I think, however, that what bothered me most about the original article was the pull-quote the editors chose to bold, which was, “We clearly will have an increasingly difficult time in maintaining our current levels of affluence.” The world is being killed before our eyes, and these editors are concerned primarily for the maintenance of their affluence?
That’s a silly question. Of course the answer is yes.
But it makes me ask again: What is the calculus of casualties? There’s no reason to confine this calculus to humans. How many baubles is life on the planet worth? How many salmon, how many generations of salmon, swimming upstream, spawning, dying, feeding humans, bears, eagles, their own offspring, entire forests, are worth the life of one politician, one executive, one lying statistician? The lives of how many species of salmon are worth the fortune of one politician, one executive? How many salmon are we willing to sacrifice so that an efficient executive can have a vintage car?

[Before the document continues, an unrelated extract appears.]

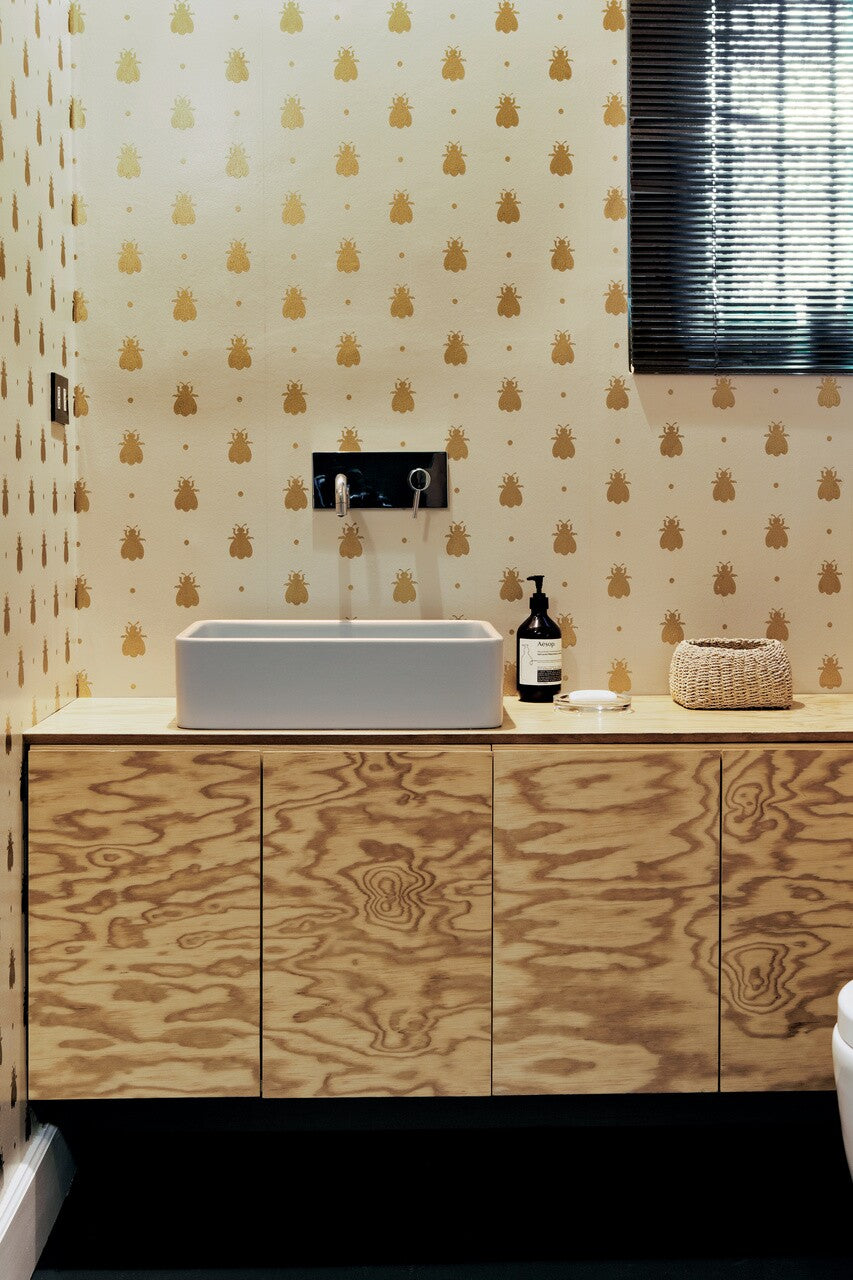 Farrow & Ball Bumble Bee BP 525 behang in een badkamer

How many rivers of fish—and how many rivers themselves, with their once-clean, free-flowing water—are worth sustaining a lifestyle based on exploitation, a lifestyle that will not last, and that will, we can only hope (the we in this case evidently not including the editors of the San Francisco Chronicle), end very soon.
* * *
The fifth premise of this book is that the property of those higher on the hierarchy is more valuable than the lives of those below. It is acceptable for those above to increase the amount of property they control—in everyday language, to make money—by destroying or taking the lives of those below. This is called production. If those below damage the property of those above, those above may kill or otherwise destroy the lives of those below. This is called justice.
This is all certainly true of our intraspecies relations. Police can and routinely do bust up homeless camps, but homeless people are not allowed to dismantle police stations (or the homes of the police). Petrochemical companies are allowed to make people’s homes uninhabitable by toxifying the surrounding landscape, but the residents of those homes are not allowed to destroy the refineries (or the homes of the owners). Whites could, should, and would systematically destroy the possessions of the Indians, but Indians were not allowed to return the favor. And it’s true of our interspecies relations, as industrial production systematically devours the living planet, any nonhumans who threaten productivity must be destroyed. A functionary for the Canadian Department of Fisheries and Oceans expressed this perfectly—to present just one example among an entire planet full of them—in regards to the now-extinct Great Auk: “No matter how many there may have been, the Great Auk had to go. They must have consumed thousands of tons of marine life that commercial fish stocks depend on. There wasn’t room for them in any properly managed fishery. Personally, I think we ought to be grateful to the old timers for handling the problem for us.” If we could change the culture such that this premise were no longer true, the calculations of the Danish statistician would be recognized for the insanity they represent, prisons would not be stocked with small-scale criminals, and civilization would collapse in a heartbeat.